# ump

> Untargeted Metabolomics Preprocessing

In [None]:
#| default_exp ump

In [None]:
#| exports
import os
import urllib.request
import pyopenms as oms


The universal workflow for untargeted `metabolomics` always consists of *feature detection* in the individual MS sample files and their linkage to *consensus features* with common m/z and retention time values. 

In addition, there are optional steps such as adduct detection and annotation of `features` with associated `MS2` spectra.

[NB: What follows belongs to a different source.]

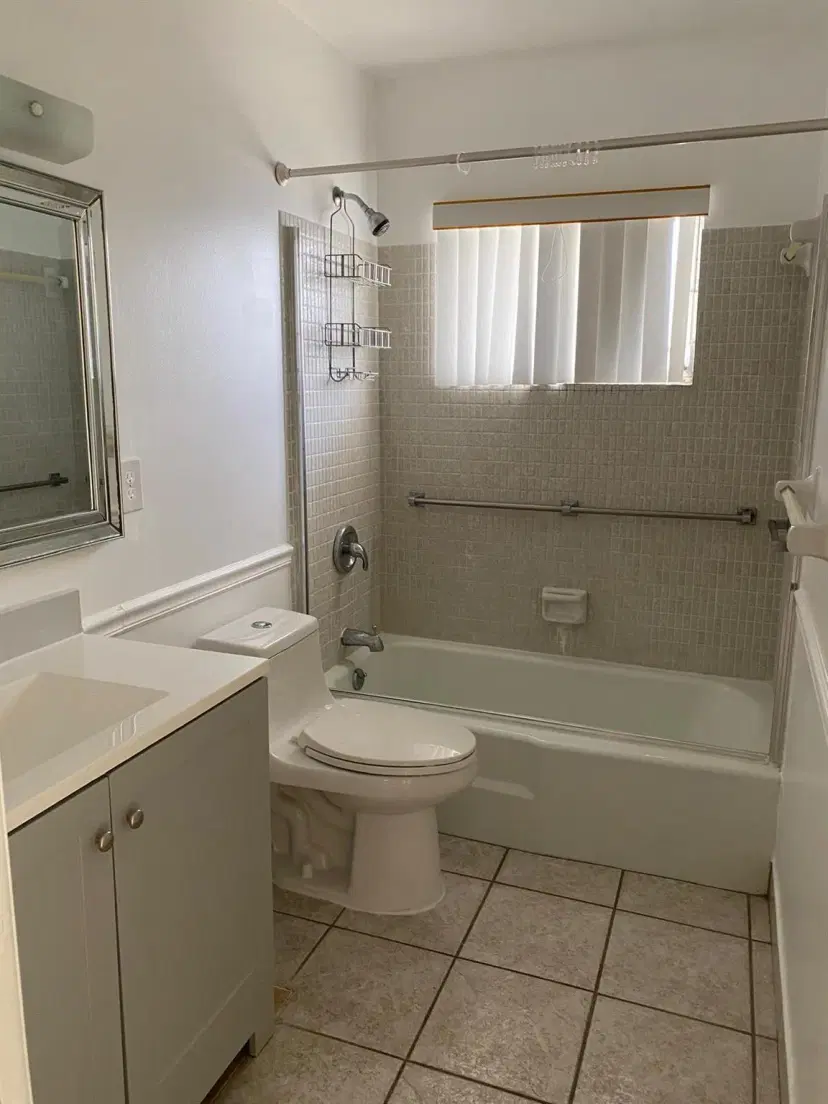 Picture of 2804 Crosley E Drive E Apt E, West Palm Beach FL 33415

download two example `mzML` files.


In [None]:
gh = "https://raw.githubusercontent.com/OpenMS/pyopenms-docs/master"
URL1 = gh + "/src/data/Metabolomics_1.mzML"
URL2 = gh + "/src/data/Metabolomics_2.mzML"
PROJ_DIR = 'ump/'

# create project directory if it doesn't exist
if not os.path.exists(PROJ_DIR):
    os.makedirs(PROJ_DIR)

# download data to project directory if it doesn't exist
if not os.path.exists(PROJ_DIR + 'Metabolomics_1.mzML'):
    urllib.request.urlretrieve(URL1, PROJ_DIR + 'Metabolomics_1.mzML')
if not os.path.exists(PROJ_DIR + 'Metabolomics_2.mzML'):
    urllib.request.urlretrieve(URL2, PROJ_DIR + 'Metabolomics_2.mzML')

In [None]:
# change working directory to project directory
os.chdir(PROJ_DIR)

In [None]:
!pwd

/home/ma/git/comics/nbs/ump


In [None]:
mzML_files = ["Metabolomics_1.mzML", "Metabolomics_2.mzML"]

explore the files

In [None]:
#| export

def explore_mzml_files(file_paths):
    """
    Load a list of mzML files and print out the number of spectra and chromatograms in each file.
    
    Parameters:
    file_paths (list): A list of paths to the mzML files to be explored.
    """
    for file_path in file_paths:
        # Load the mzML file into an MSExperiment object
        exp = oms.MSExperiment()
        oms.MzMLFile().load(file_path, exp)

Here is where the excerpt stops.